We propose here computer-assisted methods for identifying cognates, discriminating between cognates and borrowings, and for protoword reconstruction. Firstly, we introduce a method to automatically determine if a pair of words (u,v) are cognates or not, and we apply our method to a subset of the automatically extracted dataset of cognates built for Romanian and four related Romance languages: Italian, French, Spanish and Portuguese. Secondly, we investigate the task of discriminating between cognates and borrowings. Further, we developed a methodology for automatically producing related words with the following sub-problems: proto-words reconstruction, modern word form production and cognate production. Given words in Romance modern languages, the task is to automatically reconstruct the Latin proto-words from which the modern words evolved. Then, given the form of a word u in a donor language L1, the system that we develop predicts the form v of the word u in a recipient language L2, in the hypothesis that the word v will be derived in L2 from the word u (through the borrowing process). We experiment with Romanian as a recipient language, and we investigate borrowings from more than 20 donor languages. Finally, for cognate production, we investigate if, for a given pair of languages, having one word from a cognate pair, we can automatically determine the orthographic form of its cognate.

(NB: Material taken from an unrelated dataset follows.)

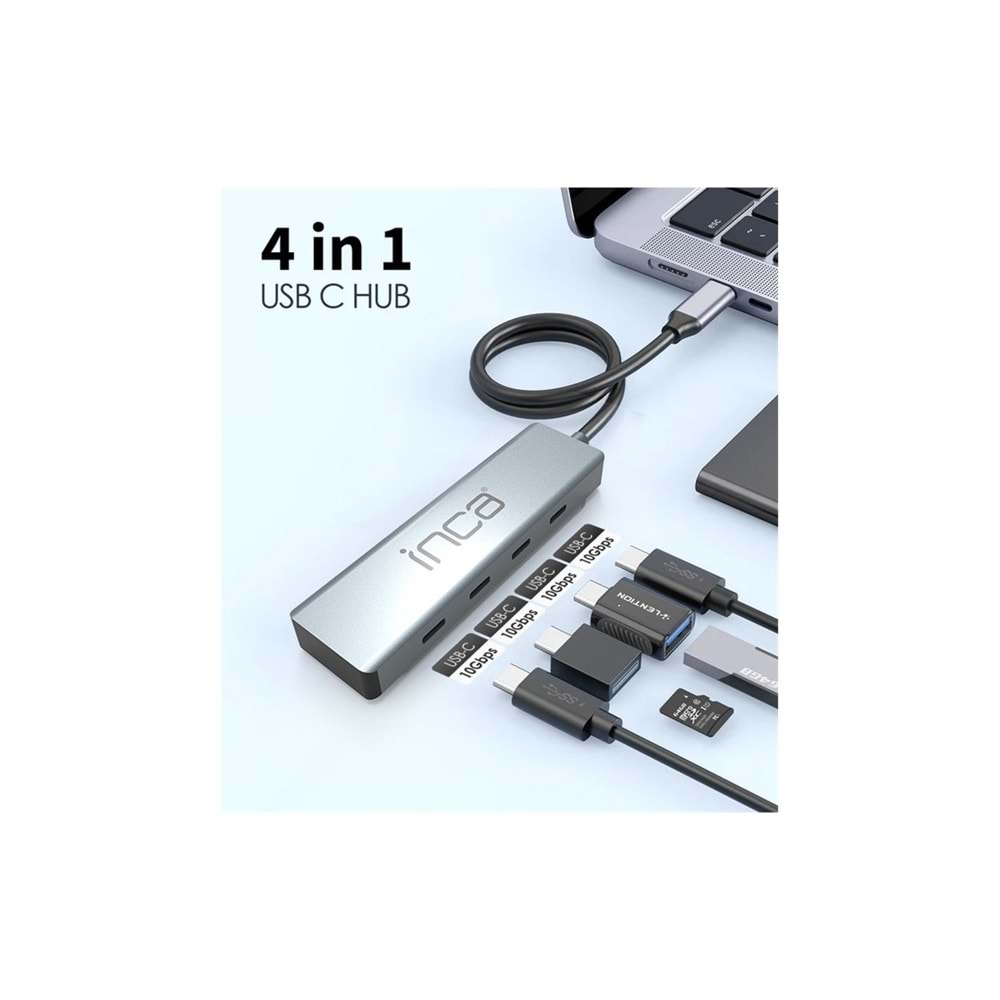 INCA ITPT-4T TYPE-C HUB X4 TYPE-C PORT 3.1 10GBPS ALUMINYUM Kasa Çoklayıcı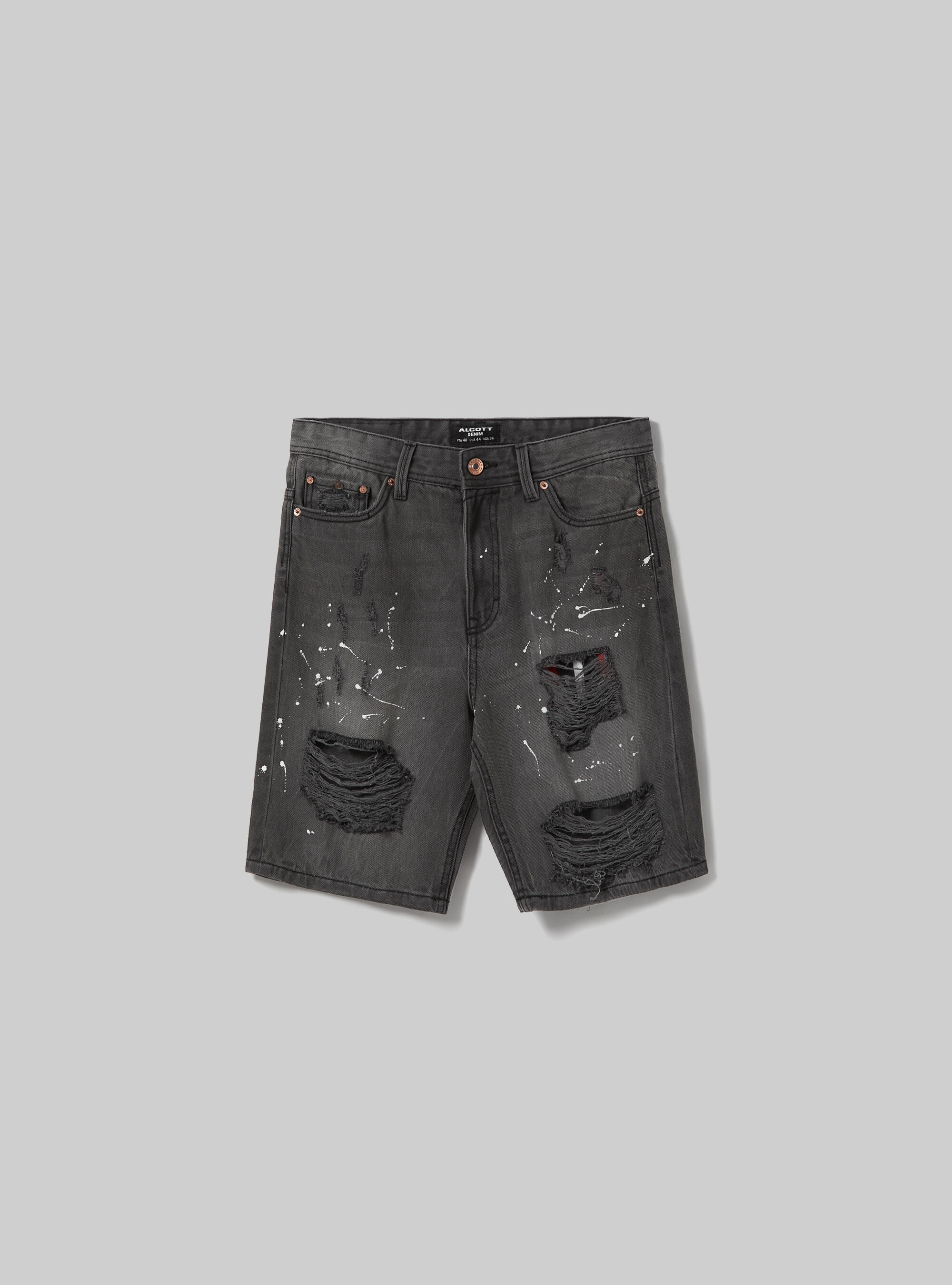 Bermudashorts aus Stretch-Denim in schmaler Passform, D000 BLACK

Alina Maria Ciobanu and Liviu P. Dinu. 2019. Automatic Identification and Production of Related Words for Historical Linguistics. Computational Linguistics, 45(4):667–704.
Alina Maria Cristea, Liviu P. Dinu, Simona Georgescu, Mihnea-Lucian Mihai, and Ana Sabina Uban. 2021. Automatic Discrimination between Inherited and Borrowed Latin Words in Romance Languages. In Findings of the Association for Computational Linguistics: EMNLP 2021, pages 2845–2855, Punta Cana, Dominican Republic. Association for Computational Linguistics.
Alina Maria Ciobanu and Liviu P. Dinu. 2018. Ab Initio: Automatic Latin Proto-word Reconstruction. In Proceedings of the 27th International Conference on Computational Linguistics, pages 1604–1614, Santa Fe, New Mexico, USA. Association for Computational Linguistics.
About the Speaker:
Liviu P. Dinu (https://nlp.unibuc.ro/people/liviu.html) is a professor at the University of Bucharest, Computer Science Department, director of the Human Language Technologies Research Center, and member of Computer Science and Interdisciplinary Doctoral Schools. His main research is in Computational Linguistics, Natural Language Processing (NLP), Information processing, etc., and he has published two books, sevent chapters in books and over 150 scientific papers in journals and conferences. Solomon Marcus was his PhD supervisor (obtained in 2003 at the University of Bucharest), and in 2014 he defended his habilitation thesis entitled “Similarity and Decision Problems in Computational Linguistics”. He carried out postdoctoral work at the University of Trieste (2005). In 2007 he received “Grigore C. Moisil” Prize, awarded by the Romanian Academy (for 2005). He has initiated and managed 14 national and international R&D projects and was involved in 14 other R&D projects. Currently, he is PI of the project “CoToHiLi: Computational Tools for Historical Linguistics” (https://nlp.unibuc.ro/projects/cotohili.html). He also initiated a master’s program in Natural Language Processing in 2020 at the University of Bucharest.
The seminar series is led by the Cardamom project team. The Cardamom project aims to close the resource gap for minority and under-resourced languages using deep-learning-based natural language processing (NLP) and exploiting similarities of closely related languages. The project further extends this idea to historical languages, which can be considered closely related to their modern form. It aims to provide NLP through both space and time for languages that current approaches have ignored.